Für Abenteuerlustige: Der Cowboy Club

Am Lagerfeuer sitzen Cowboys und Trapper im Fransenoutfit, leise summt der Kaffee in der Emaillekanne, hie und da tönt eine Mundharmonika. Im Tipi nebenan lagern rotgesichtige Indianer. Ein Hauch von Westernromantik liegt in der Luft - und das mitten in München. An der Thalkirchner Floßlände hat der Cowboy Club eine Ranch errichtet. Es gibt ein paar Pferde, eine Bibliothek über den Wilden Westen und im Sommer ein Büffeljäger-Camp. Finanziert wird das Clubleben nun schon seit fast 100 Jahren mit öffentlichen Square-Tänzen.

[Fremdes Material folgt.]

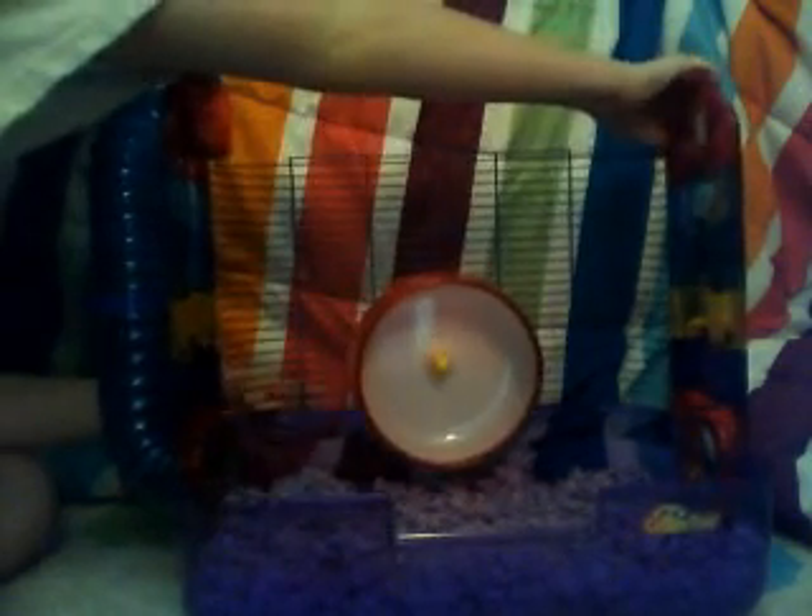I already put the wheel on. This isn't the wheel that it comes with, but the wheel it comes with is really noisy — I couldn't go to sleep at all and it was really annoying. So I got this, and this is a silent wheel.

Man schreibt das Jahr 1913, als die Luft für Abenteurer unter Ludwig III. dünner wird. Kurzerhand gründet eine Handvoll Münchner den ersten Cowboy Club der Stadt - zusammen will man für die Überfahrt in die USA, das Land der unbegrenzten Möglichkeiten, sparen. Statt in Wyoming finden sich die Mitglieder allerdings bald vor Verdun, mitten im Ersten Weltkrieg, wieder. Nach dem Krieg rückt der Auswanderungswunsch in den Hintergrund, dennoch bleibt der Cowboy Club bestehen. Bis heute wird in Thalkirchen eifrig mit Lasso und Bullpeitsche trainiert.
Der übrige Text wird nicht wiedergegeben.